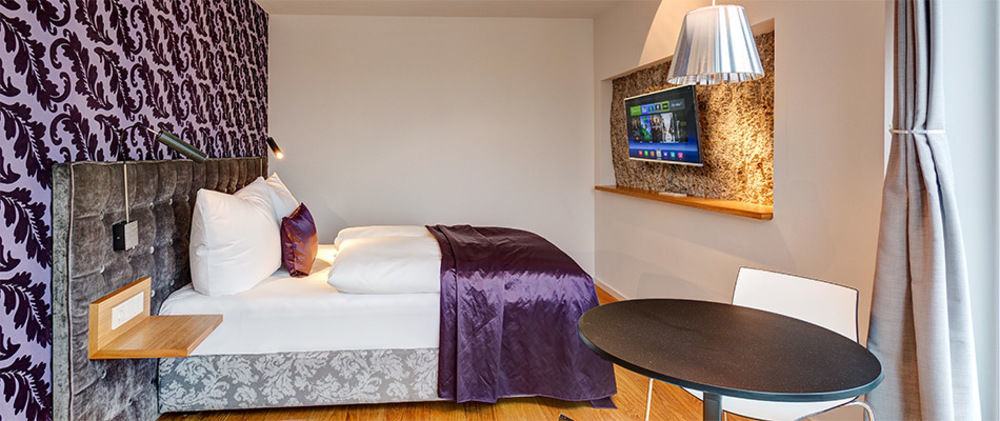 Im Bunker Appart hôtel 4*
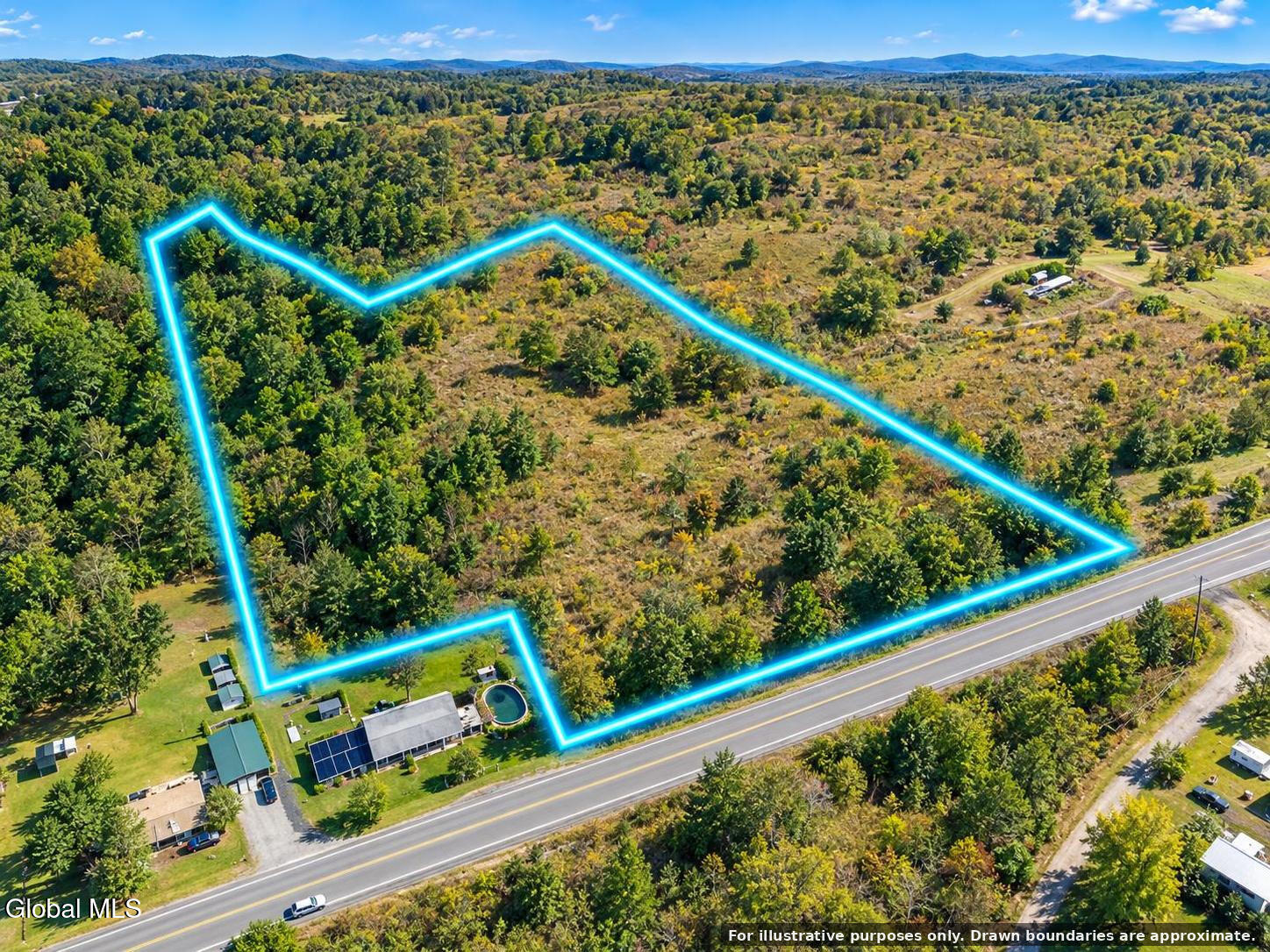 L60.12 Nys Route 32 Schuylerville NY 12871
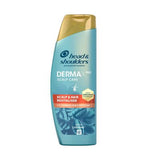 Head & Shoulders DERMAXPRO Scalp & Hair Revitaliser Shampoo 300ml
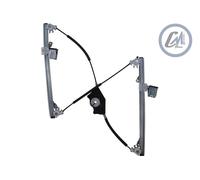 ALZACRISTALLO DESTRO ANTER. 5 P. VW GOLF IV 10/97 > 10/03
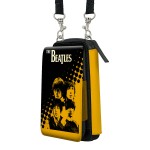 Petite sac jaune Beatles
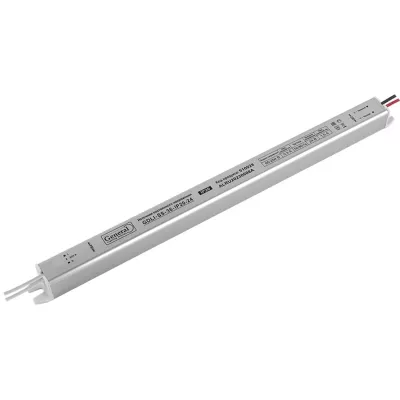 Драйвер General GDLI-SS-36-IP20-24 510028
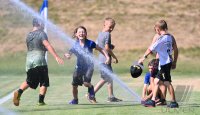 B-Junioren Turnier beim Ergenzingen 2022
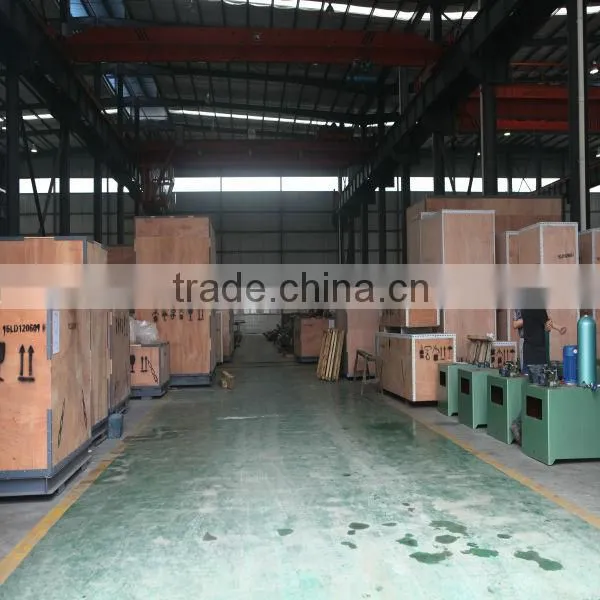 Power transformer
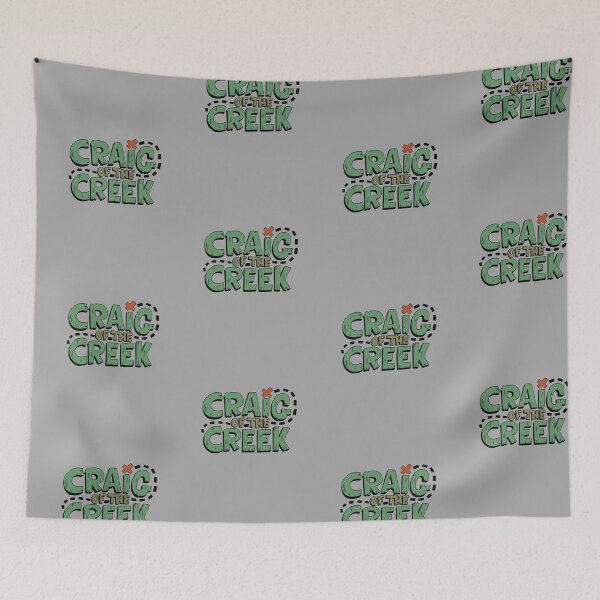 Item preview,  Craig of the Creek designed and sold by bobeshop2.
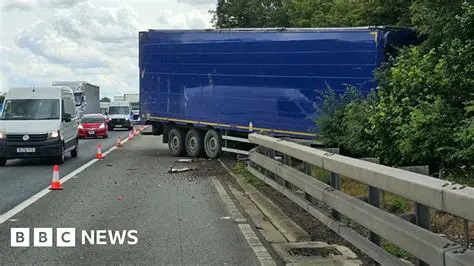 Milton Keynes News: Latest Accident Reports & Safety Updates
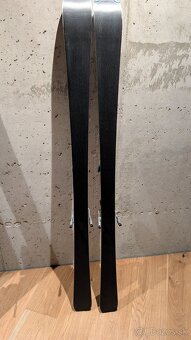 Lyze Salomon Siam 3 s viazanim - 3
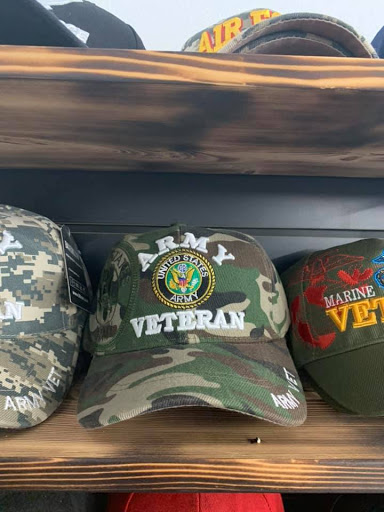 Vaporizer Store «Freedom Vapes & Gifts», reviews and photos, 439 Umatilla Blvd, Umatilla, FL 32784, USA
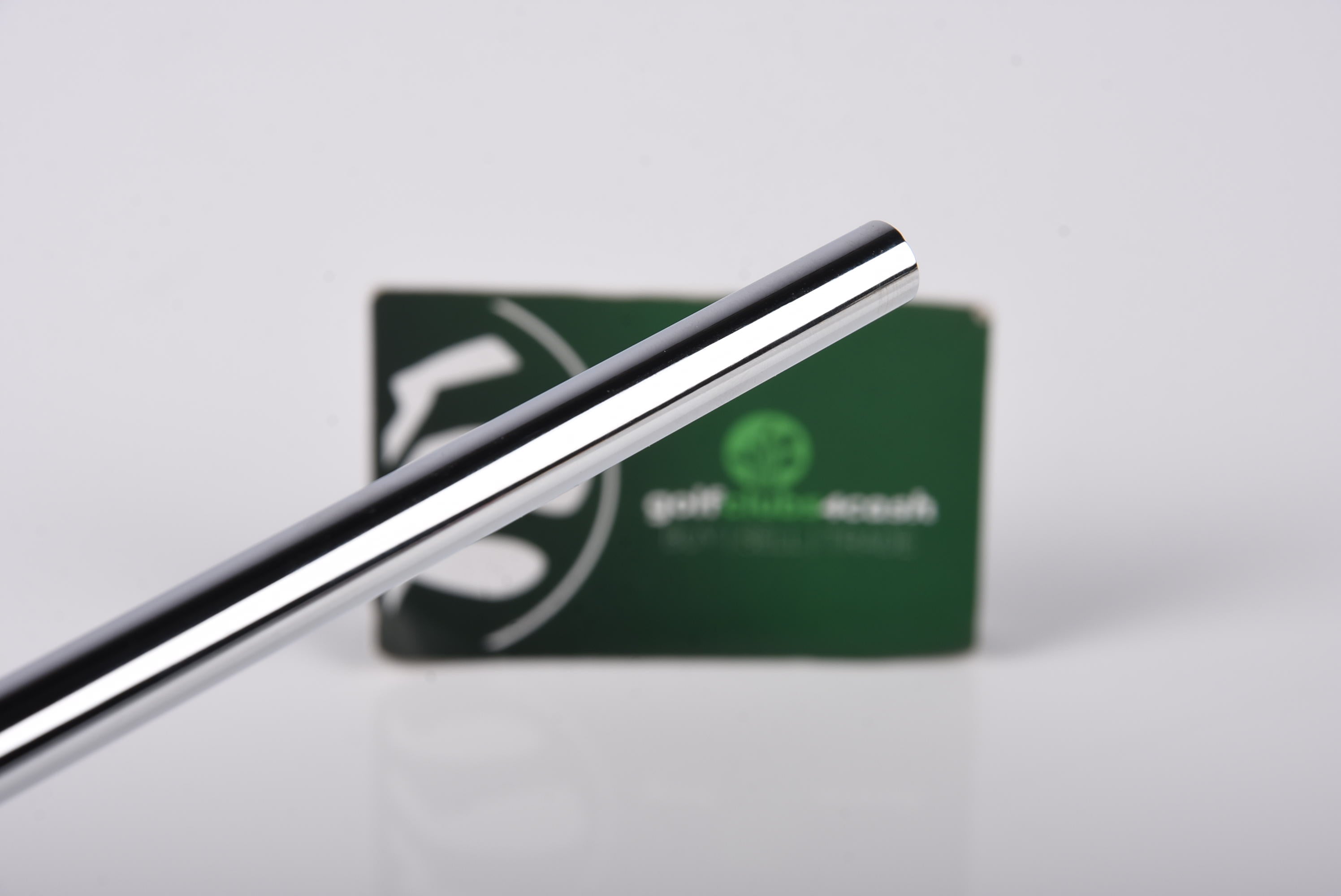 Nippon N.S. Pro 1150GH #2 Iron Shaft / Regular Flex / .335" Tapered Tip / Uncut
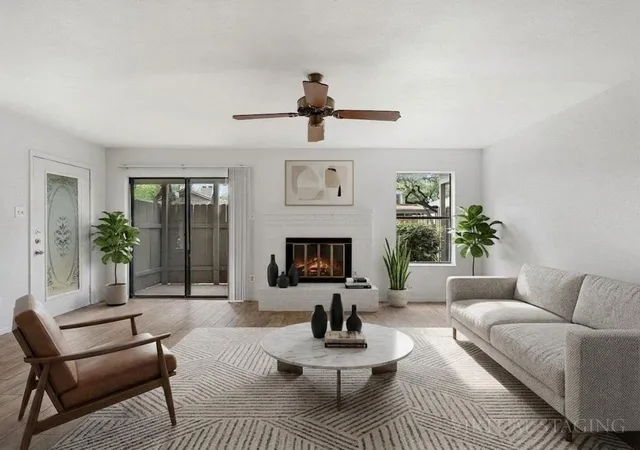 Photo 3 of Multi family home for sale at 7825 Beauregard Cir #4, Austin, TX 78745 | MLS# 1942539 | Listing updated on 2026-10-22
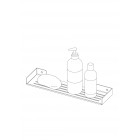 Deante Mokko Półka ścienna Nero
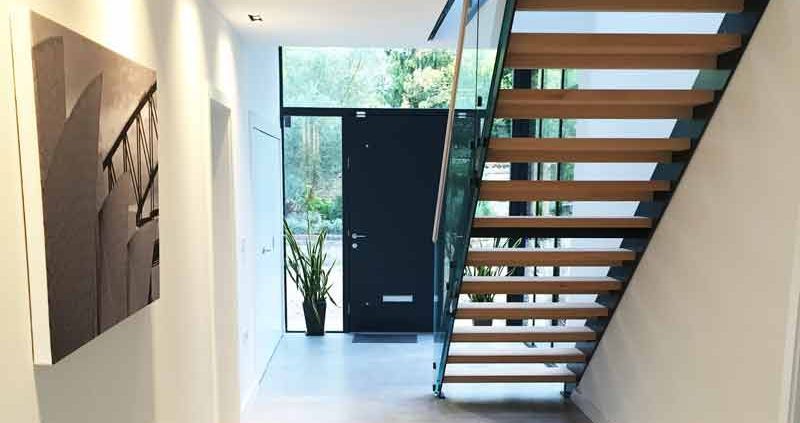 Modern-Staircase-Weybridge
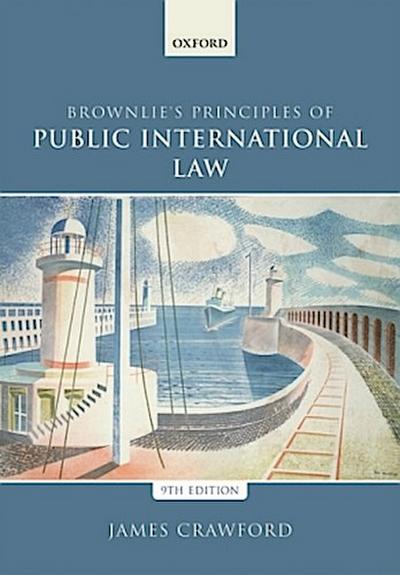 Brownlie’s Principles of Public International Law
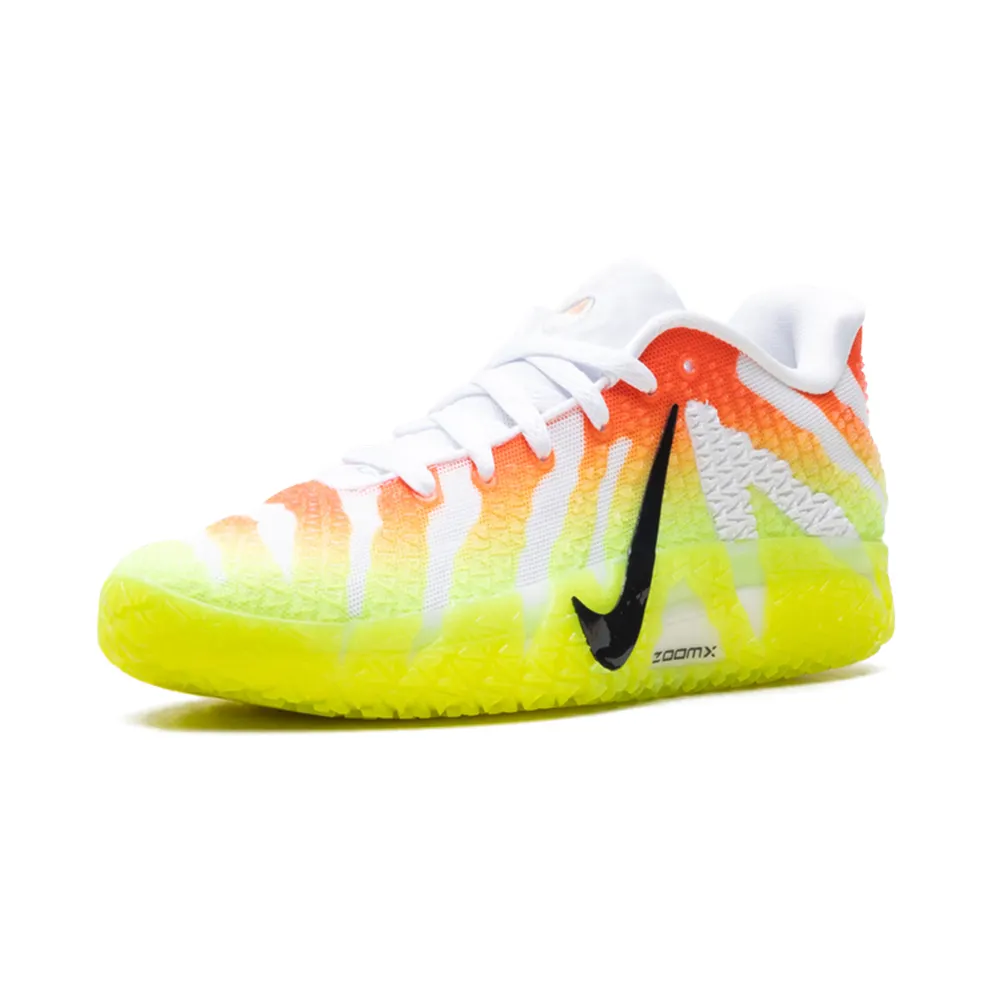 Nike Ja 3 “Snowed In” (IH0798-100)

**Exercise goal**
Without the images, output all the entries exactly as they stand.

**Response to this task**
 Im Bunker Appart hôtel 4*
 L60.12 Nys Route 32 Schuylerville NY 12871
 Head & Shoulders DERMAXPRO Scalp & Hair Revitaliser Shampoo 300ml
 ALZACRISTALLO DESTRO ANTER. 5 P. VW GOLF IV 10/97 > 10/03
 Petite sac jaune Beatles
 Драйвер General GDLI-SS-36-IP20-24 510028
 B-Junioren Turnier beim Ergenzingen 2022
 Power transformer
 Item preview,  Craig of the Creek designed and sold by bobeshop2.
 Milton Keynes News: Latest Accident Reports & Safety Updates
 Lyze Salomon Siam 3 s viazanim - 3
 Vaporizer Store «Freedom Vapes & Gifts», reviews and photos, 439 Umatilla Blvd, Umatilla, FL 32784, USA
 Nippon N.S. Pro 1150GH #2 Iron Shaft / Regular Flex / .335" Tapered Tip / Uncut
 Photo 3 of Multi family home for sale at 7825 Beauregard Cir #4, Austin, TX 78745 | MLS# 1942539 | Listing updated on 2026-10-22
 Deante Mokko Półka ścienna Nero
 Modern-Staircase-Weybridge
 Brownlie’s Principles of Public International Law
 Nike Ja 3 “Snowed In” (IH0798-100)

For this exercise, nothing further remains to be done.